Dalam penugasan yang termaktub di dalam surat nomor 565/KP.05/K1/08/2023 per 15 Agustus 2023, Bawaslu bersandar pada Undang-undang Nomor 7 Tahun 2017 tentang Pemilu.
Masalahnya, di dalam Pasal 556 (3) UU Pemilu, disebutkan bahwa pengambilalihan semacam ini dilakukan apabila terjadi hal yang mengakibatkan Bawaslu kabupaten/kota tidak dapat melaksanakan tugasnya.
"Bagaimana unsur 'tidak dapat melaksanakan tugasnya' dapat terpenuhi, jika belum adanya penetapan terhadap personalia yang berwenang memegang mandat sebagai pelaksana tugas yang dimaksud?" kata Neni, Rabu.
Artinya, konteks dalam pasal tersebut dapat terlaksana jika dan hanya jika terdapat personalia Bawaslu kabupaten/kota yang tidak melaksanakan tugasnya karena sakit, terkena sanksi, atau alasan lainnya, sebagaimana diatur Pasal 99 UU Pemilu.
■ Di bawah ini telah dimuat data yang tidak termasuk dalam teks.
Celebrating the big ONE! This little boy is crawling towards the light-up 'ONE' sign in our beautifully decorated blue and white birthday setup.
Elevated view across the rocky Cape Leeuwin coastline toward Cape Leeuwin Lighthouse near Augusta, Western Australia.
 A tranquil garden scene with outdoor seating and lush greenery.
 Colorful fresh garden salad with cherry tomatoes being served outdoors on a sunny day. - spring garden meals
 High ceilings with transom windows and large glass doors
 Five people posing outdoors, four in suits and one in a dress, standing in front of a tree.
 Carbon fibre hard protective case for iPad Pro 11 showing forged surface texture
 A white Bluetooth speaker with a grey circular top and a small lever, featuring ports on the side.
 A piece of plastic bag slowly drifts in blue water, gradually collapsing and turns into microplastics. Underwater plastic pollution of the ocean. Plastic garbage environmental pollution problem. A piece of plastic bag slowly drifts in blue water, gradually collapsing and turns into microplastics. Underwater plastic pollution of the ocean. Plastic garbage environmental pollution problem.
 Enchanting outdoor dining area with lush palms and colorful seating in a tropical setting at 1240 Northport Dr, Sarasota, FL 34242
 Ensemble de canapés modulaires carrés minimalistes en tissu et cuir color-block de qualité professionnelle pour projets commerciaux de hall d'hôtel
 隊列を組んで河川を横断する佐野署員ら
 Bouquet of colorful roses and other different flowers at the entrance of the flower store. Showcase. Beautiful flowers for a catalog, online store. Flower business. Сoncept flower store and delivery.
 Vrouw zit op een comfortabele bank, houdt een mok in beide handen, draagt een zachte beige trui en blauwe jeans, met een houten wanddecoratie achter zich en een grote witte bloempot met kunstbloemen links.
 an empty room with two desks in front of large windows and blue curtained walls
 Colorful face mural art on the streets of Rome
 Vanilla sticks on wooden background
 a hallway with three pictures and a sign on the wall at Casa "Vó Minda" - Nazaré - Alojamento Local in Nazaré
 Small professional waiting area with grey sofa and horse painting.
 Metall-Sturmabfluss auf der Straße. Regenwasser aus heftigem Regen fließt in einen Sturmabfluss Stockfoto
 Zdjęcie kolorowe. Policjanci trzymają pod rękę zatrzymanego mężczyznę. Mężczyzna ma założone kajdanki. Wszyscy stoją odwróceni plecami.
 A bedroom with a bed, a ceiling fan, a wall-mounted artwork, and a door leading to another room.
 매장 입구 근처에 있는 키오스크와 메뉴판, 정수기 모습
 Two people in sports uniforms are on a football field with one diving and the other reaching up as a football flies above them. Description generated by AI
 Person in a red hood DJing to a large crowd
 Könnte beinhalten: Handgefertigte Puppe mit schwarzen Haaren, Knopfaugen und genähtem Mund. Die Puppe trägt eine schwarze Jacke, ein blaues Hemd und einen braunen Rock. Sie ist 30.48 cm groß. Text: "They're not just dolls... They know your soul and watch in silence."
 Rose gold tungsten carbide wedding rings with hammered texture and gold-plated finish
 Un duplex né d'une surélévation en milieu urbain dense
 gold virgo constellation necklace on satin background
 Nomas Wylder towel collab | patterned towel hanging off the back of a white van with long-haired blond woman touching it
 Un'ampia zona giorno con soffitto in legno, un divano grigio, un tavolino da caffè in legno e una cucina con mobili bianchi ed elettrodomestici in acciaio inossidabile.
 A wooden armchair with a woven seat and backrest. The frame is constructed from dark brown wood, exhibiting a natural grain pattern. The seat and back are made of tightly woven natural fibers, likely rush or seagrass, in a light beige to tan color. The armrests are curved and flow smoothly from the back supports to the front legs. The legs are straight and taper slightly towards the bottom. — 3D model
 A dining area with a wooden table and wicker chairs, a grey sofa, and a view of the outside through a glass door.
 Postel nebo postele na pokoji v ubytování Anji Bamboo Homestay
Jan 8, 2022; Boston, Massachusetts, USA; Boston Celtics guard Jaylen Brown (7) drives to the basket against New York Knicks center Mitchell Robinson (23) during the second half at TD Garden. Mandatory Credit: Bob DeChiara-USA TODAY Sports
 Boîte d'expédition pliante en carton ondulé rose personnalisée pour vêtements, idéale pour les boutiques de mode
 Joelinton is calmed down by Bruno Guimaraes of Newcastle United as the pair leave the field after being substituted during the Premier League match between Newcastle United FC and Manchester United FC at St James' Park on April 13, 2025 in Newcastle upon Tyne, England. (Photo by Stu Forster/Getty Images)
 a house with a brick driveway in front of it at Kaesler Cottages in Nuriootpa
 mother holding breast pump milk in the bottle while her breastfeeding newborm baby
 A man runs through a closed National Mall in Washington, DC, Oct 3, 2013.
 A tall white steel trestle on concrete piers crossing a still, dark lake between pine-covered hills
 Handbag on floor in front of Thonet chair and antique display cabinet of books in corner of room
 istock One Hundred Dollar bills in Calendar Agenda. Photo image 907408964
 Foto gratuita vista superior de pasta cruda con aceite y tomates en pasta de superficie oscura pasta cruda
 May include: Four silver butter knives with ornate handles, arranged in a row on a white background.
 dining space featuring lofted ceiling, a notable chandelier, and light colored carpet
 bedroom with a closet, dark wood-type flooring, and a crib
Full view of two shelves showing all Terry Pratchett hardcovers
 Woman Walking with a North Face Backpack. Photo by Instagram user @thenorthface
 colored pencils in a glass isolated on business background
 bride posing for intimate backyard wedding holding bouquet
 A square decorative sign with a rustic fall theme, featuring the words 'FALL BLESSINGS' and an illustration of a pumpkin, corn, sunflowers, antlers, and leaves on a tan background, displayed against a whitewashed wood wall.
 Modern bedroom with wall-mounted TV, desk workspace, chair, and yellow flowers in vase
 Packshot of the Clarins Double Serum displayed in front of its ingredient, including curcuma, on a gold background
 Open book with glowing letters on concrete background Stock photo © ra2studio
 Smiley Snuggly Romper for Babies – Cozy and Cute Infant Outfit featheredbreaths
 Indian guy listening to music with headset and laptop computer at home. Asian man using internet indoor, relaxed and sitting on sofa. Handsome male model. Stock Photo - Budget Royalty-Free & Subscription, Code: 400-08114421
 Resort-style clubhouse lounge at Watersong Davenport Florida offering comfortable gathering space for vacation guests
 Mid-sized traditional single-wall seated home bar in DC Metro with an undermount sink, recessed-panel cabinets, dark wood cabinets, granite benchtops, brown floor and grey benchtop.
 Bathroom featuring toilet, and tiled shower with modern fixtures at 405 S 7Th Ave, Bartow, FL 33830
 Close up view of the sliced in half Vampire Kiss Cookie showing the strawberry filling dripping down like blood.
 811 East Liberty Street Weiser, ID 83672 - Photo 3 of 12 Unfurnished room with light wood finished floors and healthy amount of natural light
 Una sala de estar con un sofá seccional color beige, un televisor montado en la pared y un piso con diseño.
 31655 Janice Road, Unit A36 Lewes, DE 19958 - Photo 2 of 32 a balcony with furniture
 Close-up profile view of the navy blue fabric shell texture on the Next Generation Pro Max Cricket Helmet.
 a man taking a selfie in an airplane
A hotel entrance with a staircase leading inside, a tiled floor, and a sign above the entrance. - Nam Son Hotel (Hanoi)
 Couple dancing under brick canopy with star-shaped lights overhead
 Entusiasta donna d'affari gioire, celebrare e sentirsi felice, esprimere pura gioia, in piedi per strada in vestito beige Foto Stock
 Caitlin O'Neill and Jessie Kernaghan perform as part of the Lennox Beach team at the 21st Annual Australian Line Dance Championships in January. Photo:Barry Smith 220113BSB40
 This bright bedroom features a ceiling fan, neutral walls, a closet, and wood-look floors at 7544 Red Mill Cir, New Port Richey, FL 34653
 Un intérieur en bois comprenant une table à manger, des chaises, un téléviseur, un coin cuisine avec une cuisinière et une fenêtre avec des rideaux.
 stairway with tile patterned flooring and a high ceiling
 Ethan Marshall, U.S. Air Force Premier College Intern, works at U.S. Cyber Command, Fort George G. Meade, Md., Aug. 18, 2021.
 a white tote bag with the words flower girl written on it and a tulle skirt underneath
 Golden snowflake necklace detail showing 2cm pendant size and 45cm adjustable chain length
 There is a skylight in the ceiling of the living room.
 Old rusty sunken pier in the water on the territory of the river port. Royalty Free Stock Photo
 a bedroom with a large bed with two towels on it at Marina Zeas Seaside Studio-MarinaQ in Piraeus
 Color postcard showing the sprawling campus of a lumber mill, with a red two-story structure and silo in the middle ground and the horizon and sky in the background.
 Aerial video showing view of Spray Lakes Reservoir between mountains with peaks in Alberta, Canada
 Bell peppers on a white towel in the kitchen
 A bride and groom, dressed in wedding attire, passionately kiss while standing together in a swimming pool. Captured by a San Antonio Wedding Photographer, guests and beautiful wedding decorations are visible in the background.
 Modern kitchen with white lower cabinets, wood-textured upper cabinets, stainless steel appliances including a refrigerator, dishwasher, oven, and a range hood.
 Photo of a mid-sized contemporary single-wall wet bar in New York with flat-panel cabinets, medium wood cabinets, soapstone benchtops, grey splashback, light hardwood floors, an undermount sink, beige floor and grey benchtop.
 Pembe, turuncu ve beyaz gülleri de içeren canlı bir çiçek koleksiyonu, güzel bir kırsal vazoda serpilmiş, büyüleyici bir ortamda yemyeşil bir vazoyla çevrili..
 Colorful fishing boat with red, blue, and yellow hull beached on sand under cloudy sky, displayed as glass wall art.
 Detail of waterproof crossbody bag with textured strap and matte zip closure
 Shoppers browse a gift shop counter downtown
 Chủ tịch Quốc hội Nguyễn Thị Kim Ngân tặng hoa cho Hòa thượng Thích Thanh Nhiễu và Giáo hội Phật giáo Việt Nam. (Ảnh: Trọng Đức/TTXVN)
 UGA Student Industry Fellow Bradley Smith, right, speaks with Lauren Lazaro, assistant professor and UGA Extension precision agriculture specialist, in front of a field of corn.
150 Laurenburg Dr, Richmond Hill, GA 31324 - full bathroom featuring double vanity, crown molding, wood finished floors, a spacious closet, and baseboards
"Fakta saat ini, bukan karena Bawaslu kabupaten/kota tidak dapat melaksanakan tugasnya, namun karena belum dipilih dan dilantik secara tidak profesional, transparan, dan tidak mendasar secara hukum. Sehingga, hal tersebut tidak berlaku untuk keadaan penundaan pengumuman seleksi yang belum ada komisionernya," papar Neni.
"Bentuk tindakan yang bernuansa koruptif dan politis inilah yang merugikan masyarakat secara konstitusional atas hak kepastian hukum," ujar dia.
Baca juga: Bawaslu Kabupaten/kota Seluruh Indonesia Tanpa Komisioner, Pengawasan Daftar Caleg Apa Kabar?
Sebelumnya diberitakan, Bawaslu RI menunda pengumuman dan pelantikan calon anggota terpilih Bawaslu kabupaten/kota di seluruh wilayah Indonesia.